I agree with you about the efficiency of HMOs, but customers hate HMOs.

A useful Google search: "National Health Expenditures by Type of Expenditure and Program: Calendar Year 2022". It's a single spreadsheet, and it's really something. It covers insurers (public and private), providers (hospitals and outpatient), facilities, state health care programs, even dental, all on one sheet. The numbers are hard to get around.

  inefficiencies with private payers
Inefficiencies like billions of dollars in overbilling annually?
Providers overbill. Insurers inappropriately deny coverage. This is pretty basic stuff. What would insurer overbilling even mean? You pay a fixed premium.

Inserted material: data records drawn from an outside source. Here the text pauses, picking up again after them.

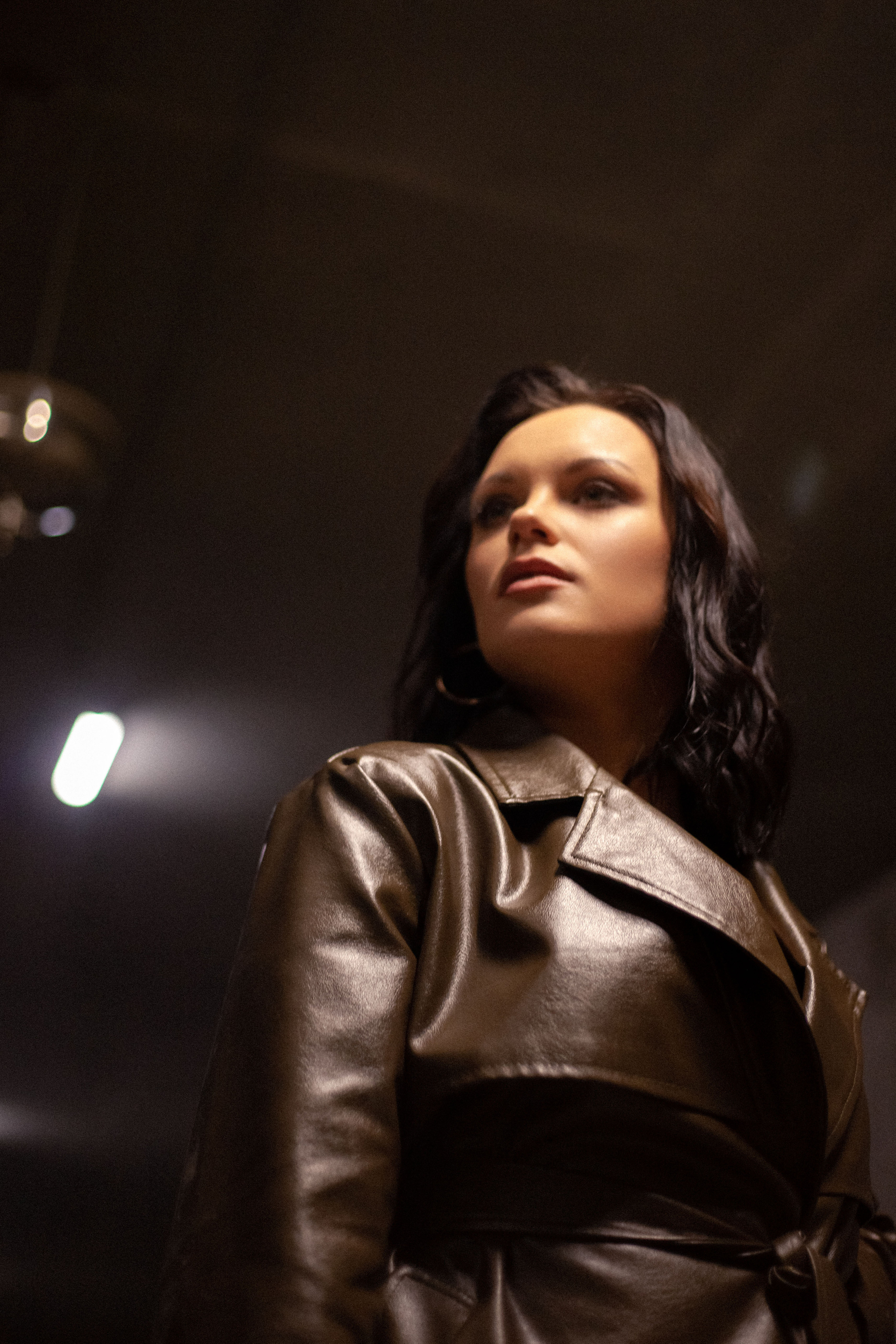 Милена. Портретный и семейный фотограф в Воронеже Ксения Ремизова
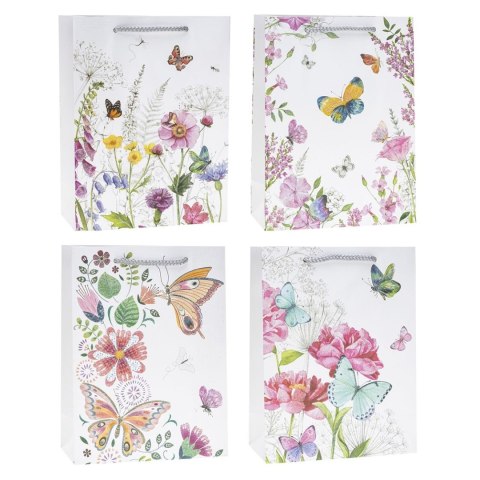 Torba prezentowa Rozette A3 (TK-23149-GL-A3 (31x40x12)) Rozette Torba prezentowa Rozette A3 (TK-23149-GL-A3 (31x40x12)) Rozette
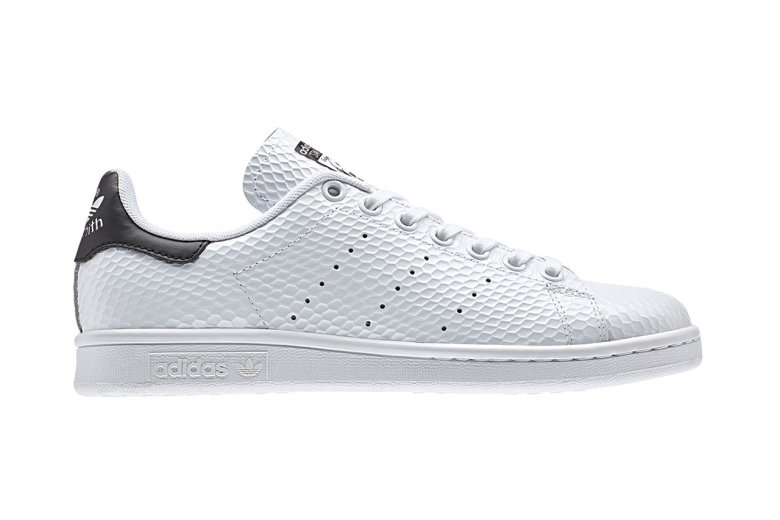 adidas stan smith noir 43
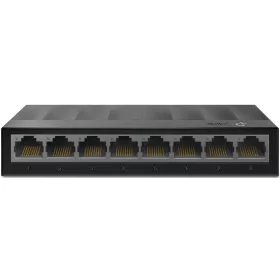 8 portos Gigabit switch TP-LINK LS1008G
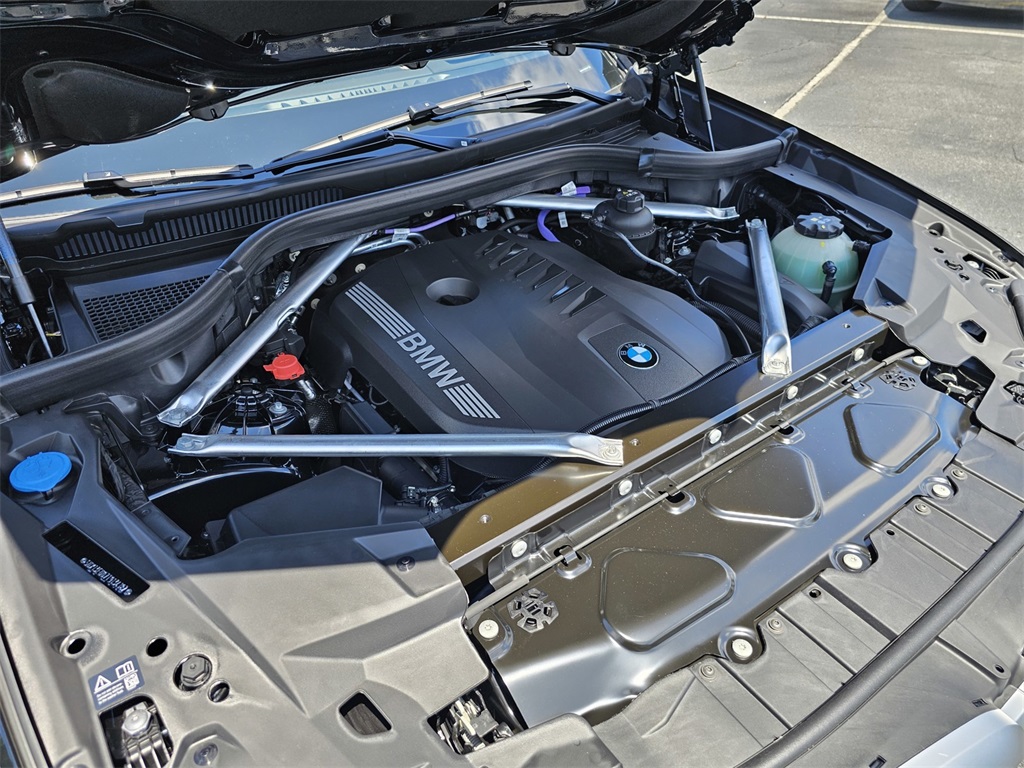 2026 Bmw X5 sDrive40i photo 26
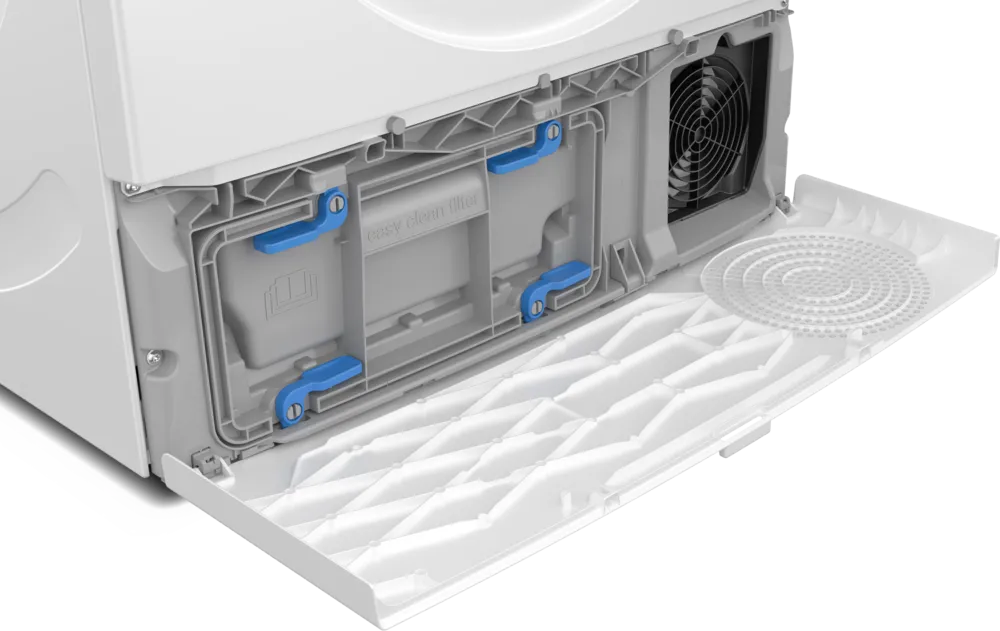 Siemens 9 kg Çamaşır Kurutma Makinesi
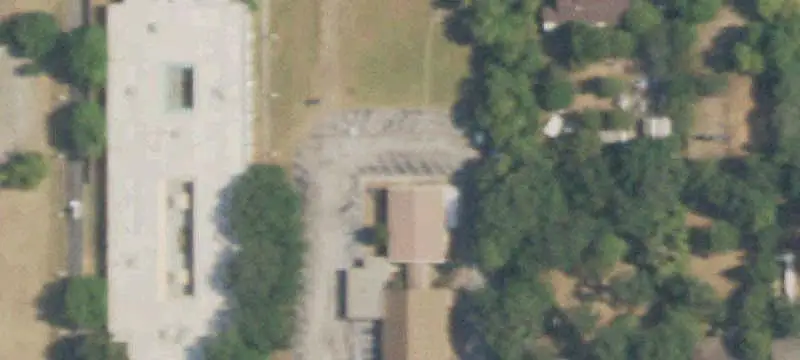Church Property with Highway Exposure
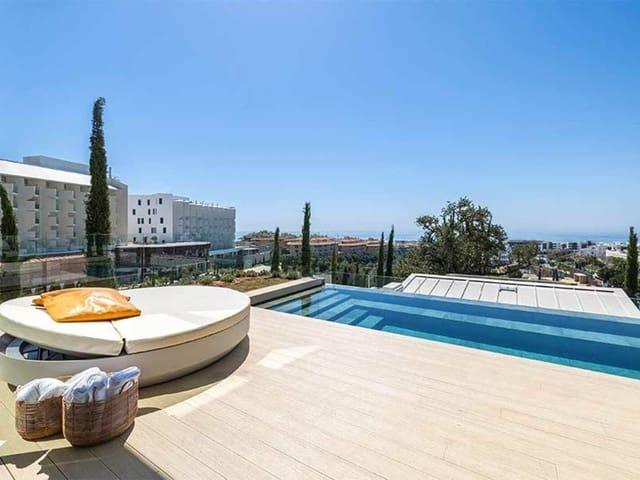 Chalet en venta en Costa del Sol Occidental, Andalucía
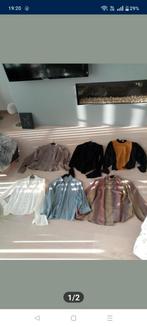 6 blouses, 42-44, samen voor, Ophalen, Zo goed als nieuw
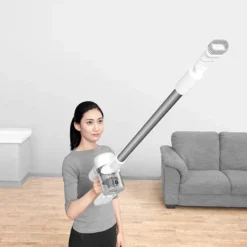 Dreame V10 Handstaubsauger Kabelloser Staubsauger 450W 22KPa EU Version -Kaufland Verkäufe 5ff107e114e592883a6ecee684b9d07b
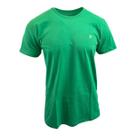 Camiseta Colcci Slim Logo C -
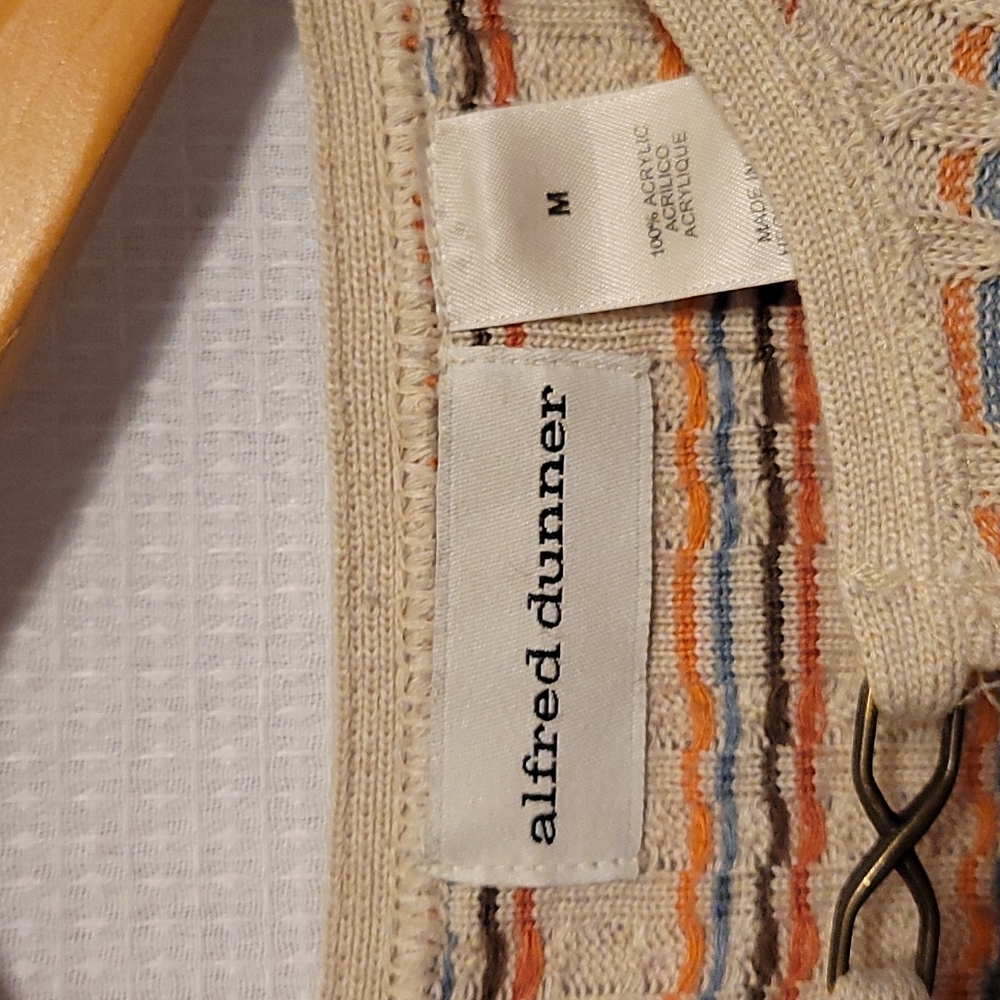 Alfred Dunner Top - Picture 2 of 3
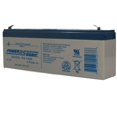 thumbnail image 3 of Bateria Power Sonic Plomo Acido Ps-1229 12v 9ah Power Sonic PS-1229, 3 of 4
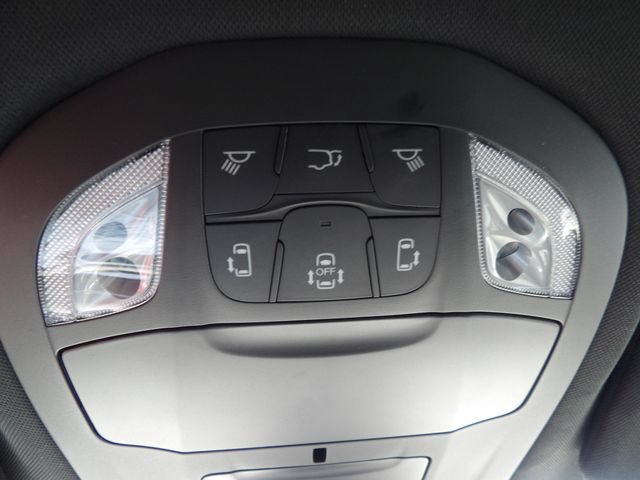 New 2027 Chrysler Pacifica Select FWD image 31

  What would insurer overbilling even mean?
It would mean something like this:

https://www.nytimes.com/2017/05/19/business/dealbook/unitedh...

Or this:

https://www.sacbee.com/news/local/health-and-medicine/articl...

Your second link is literally Anthem passing provider fees (in violation of their contract, sure!) through to customers. The bills were from providers.

Fuck if I know what's going on between Medicare and UHC. It's a mess. Medicare Advantage is a hybrid Medicare/private system; once again, whatever fees were being passed to Medicare, they were coming from providers. Insurers can certainly inappropriately deny coverage, but they don't generally make de novo charges up. Charges come from providers.

Upcoding scandals, which literally appear to be what the UnitedHealth link you provided was about, were exactly what Anthem was trying to control for with its new announcement.

Medicare Advantage is a capitated program. The provider fees aren't being passed through to Medicare.